## PROBLEM REQUIREMENTS
An exact transcription of the lines from the one holding "Winner. Innovative thinking, leadership." to the end of the entries below, and nothing more, is the required answer. Please omit the pictures.

## SUPPLIED DATA
════════

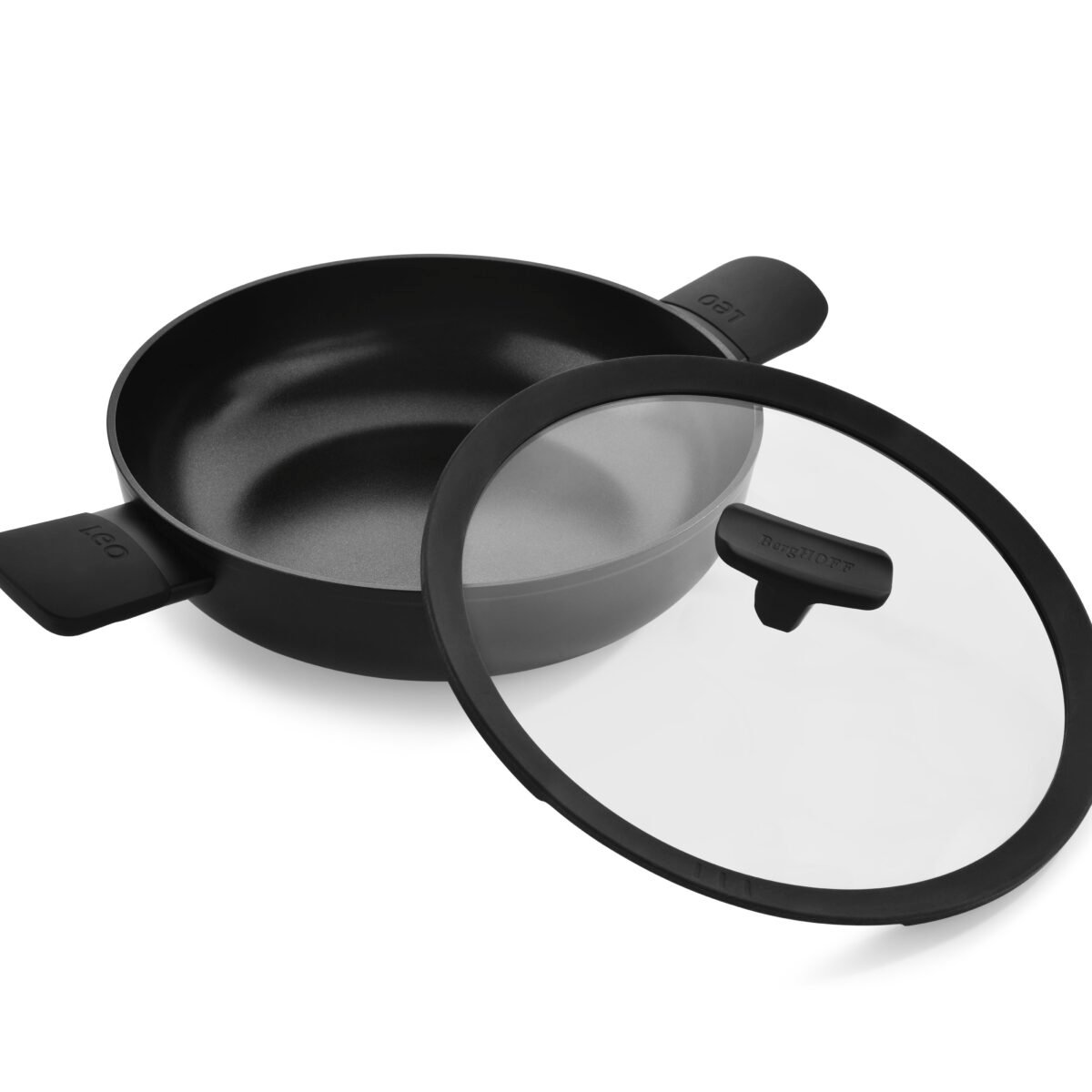 BergHOFF Balance Ceramic Non-Stick Kadhai with Glass Lid | Induction & Gas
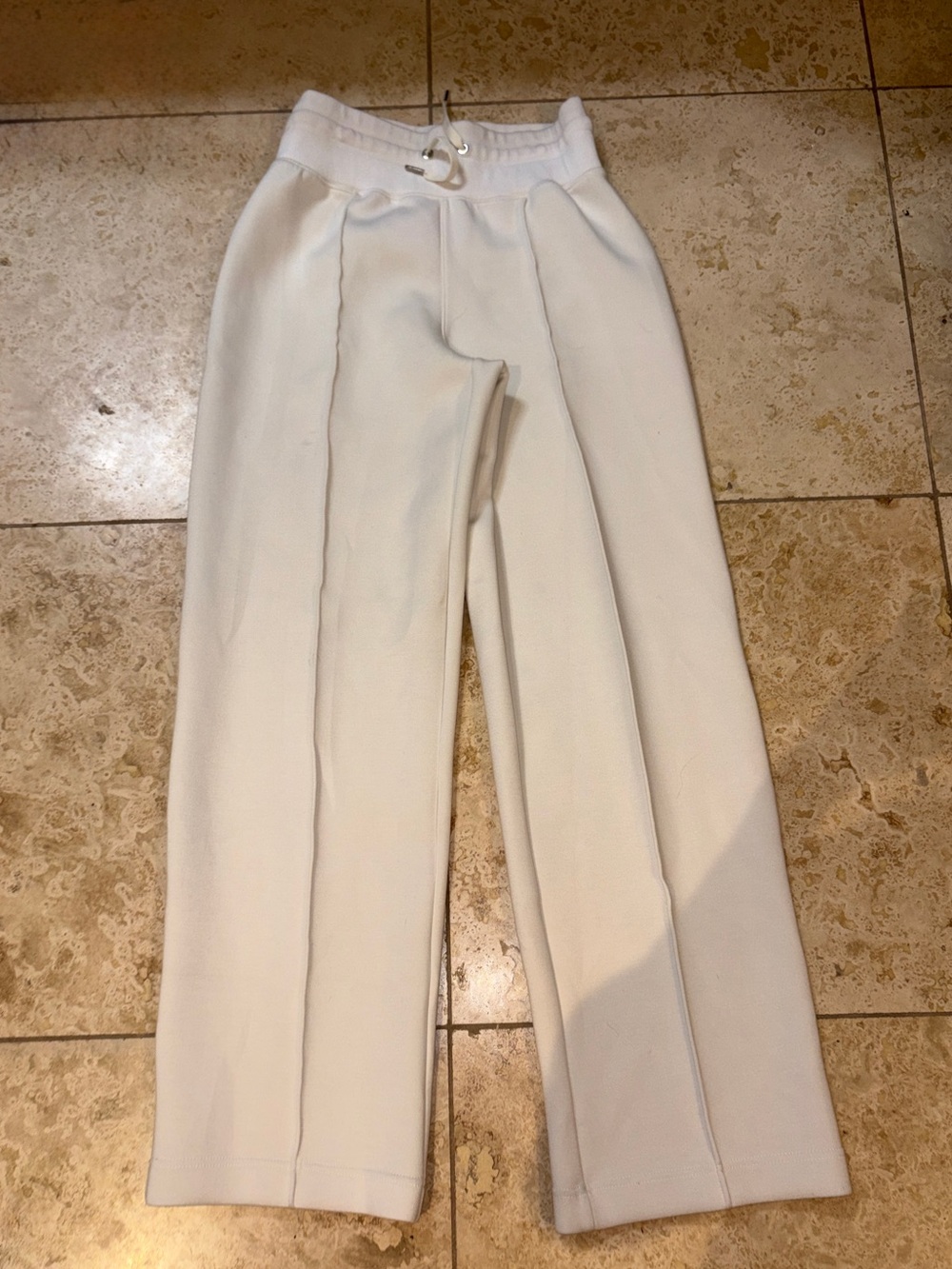 Spanx Heavy Air HeavyAir Powder Cream Wide-Leg Knit Pants size small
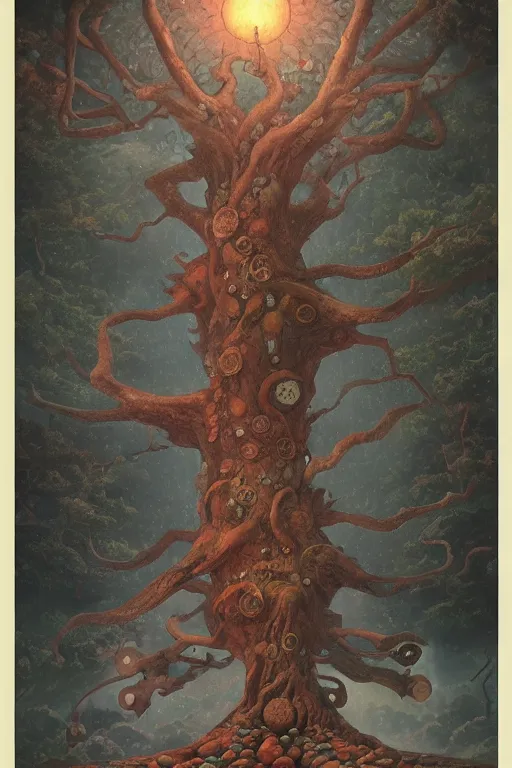 Prompt: Yggdrasil the tree of life by Shaun Tan and Hiroshi Yoshida, trending on artstation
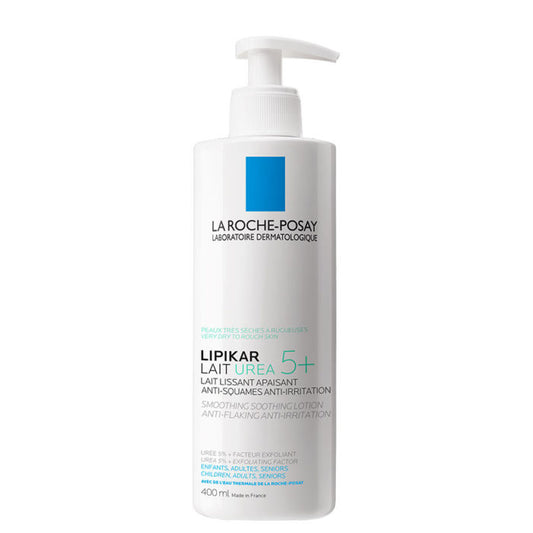 A pump bottle of La Roche-Posay Lipikar Lait Urea 5+ moisturizer.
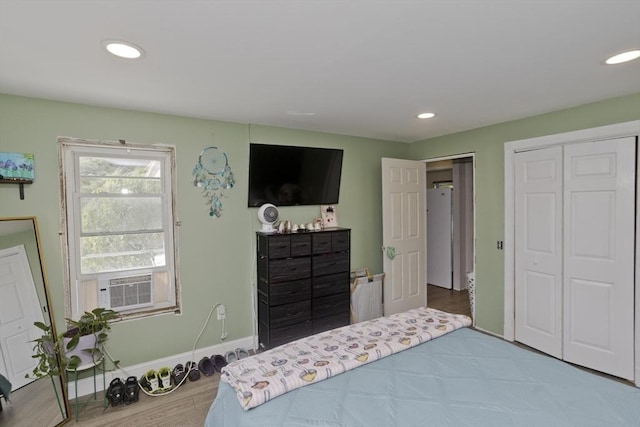 2278-2280 Main St, Palmer, MA 01080 - bedroom featuring cooling unit, recessed lighting, wood finished floors, and a closet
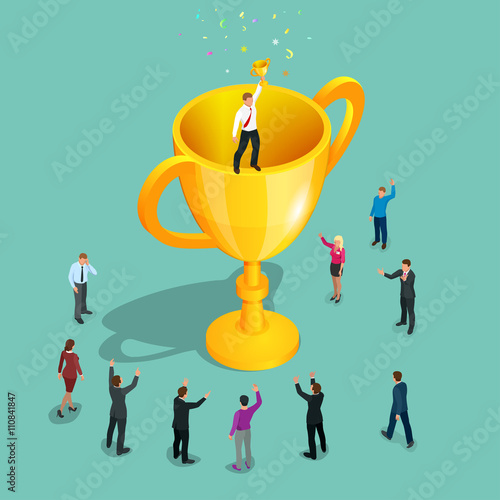 Winner. Innovative thinking, leadership. Businessman holding trophy winner cup. Successful business story concept. Flat 3d vector isometric illustration.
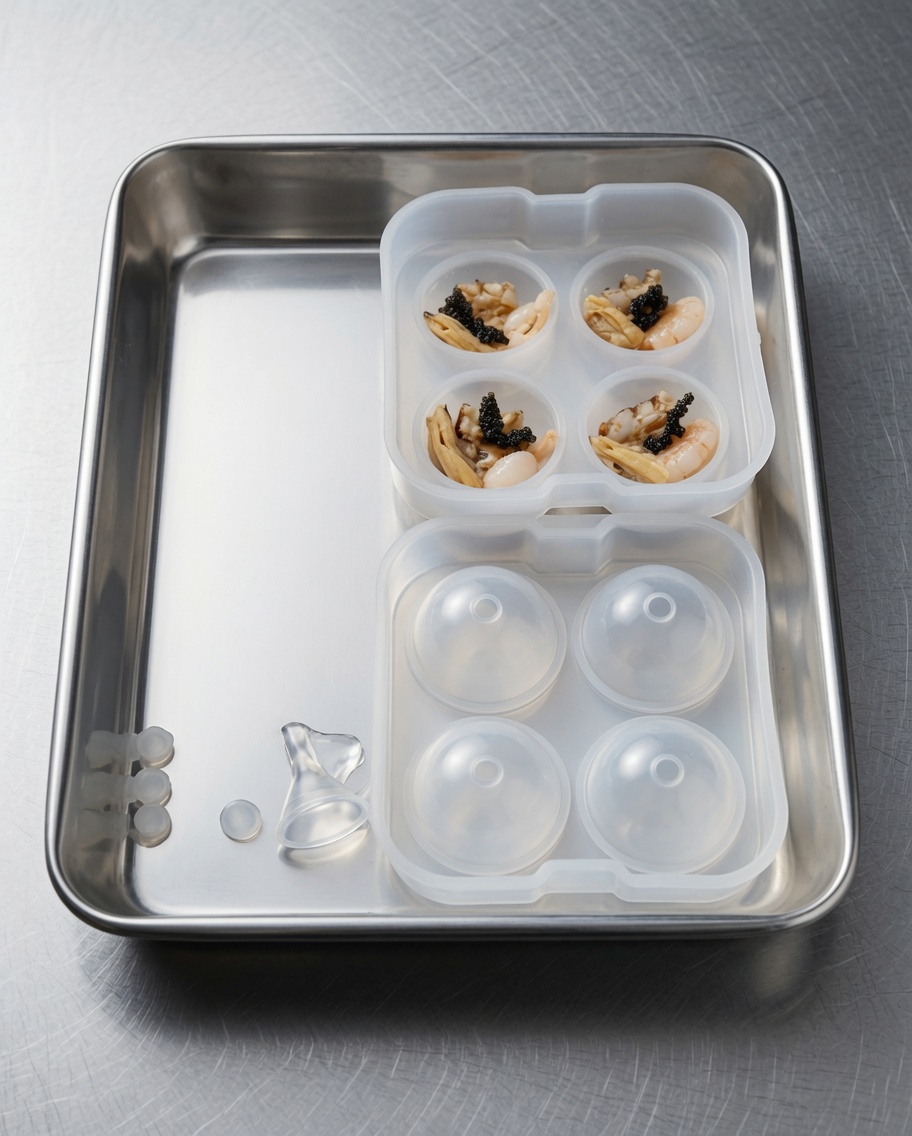 Eine Silikonform mit kugelförmigen Fächern wird mit Stücken von gekochten Garnelen und Meeresfrüchten gefüllt.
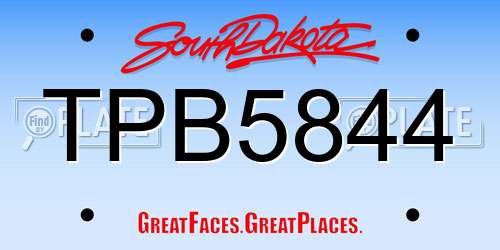 TPB5844 South Dakota License Plate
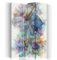 Raumteiler Trennwände Foto Paravent Spanische Wand Bedruckt auf Leinwand Trennwand Deko Design Paravent beidseitig 3 teilig 110x150 cm Bloomnjazz Farbe Abstrakt Dunkelblau Braun Weiß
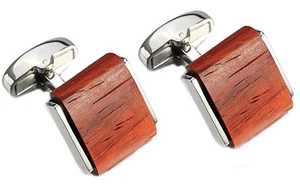 Gemelos cuadrados de secuoya de lujo para hombre 5a boda regalo gemelos DIRECTOS - Imagen 1 de 10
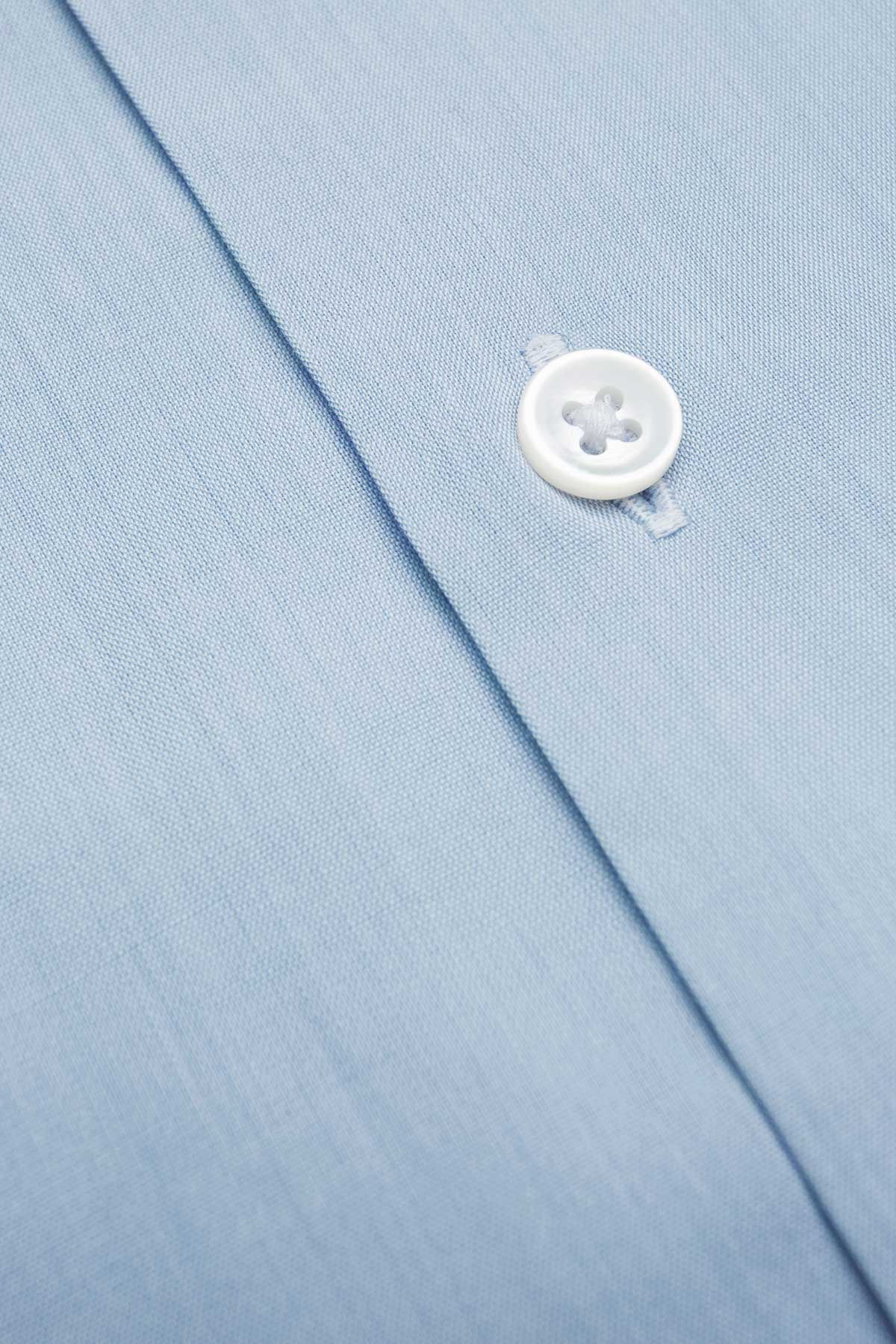Zubin 100s Blue Poplin Shirt - Image 4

════════

## SOLVED PROBLEM
 Winner. Innovative thinking, leadership. Businessman holding trophy winner cup. Successful business story concept. Flat 3d vector isometric illustration.
 Eine Silikonform mit kugelförmigen Fächern wird mit Stücken von gekochten Garnelen und Meeresfrüchten gefüllt.
 TPB5844 South Dakota License Plate
 Raumteiler Trennwände Foto Paravent Spanische Wand Bedruckt auf Leinwand Trennwand Deko Design Paravent beidseitig 3 teilig 110x150 cm Bloomnjazz Farbe Abstrakt Dunkelblau Braun Weiß
 Gemelos cuadrados de secuoya de lujo para hombre 5a boda regalo gemelos DIRECTOS - Imagen 1 de 10
Zubin 100s Blue Poplin Shirt - Image 4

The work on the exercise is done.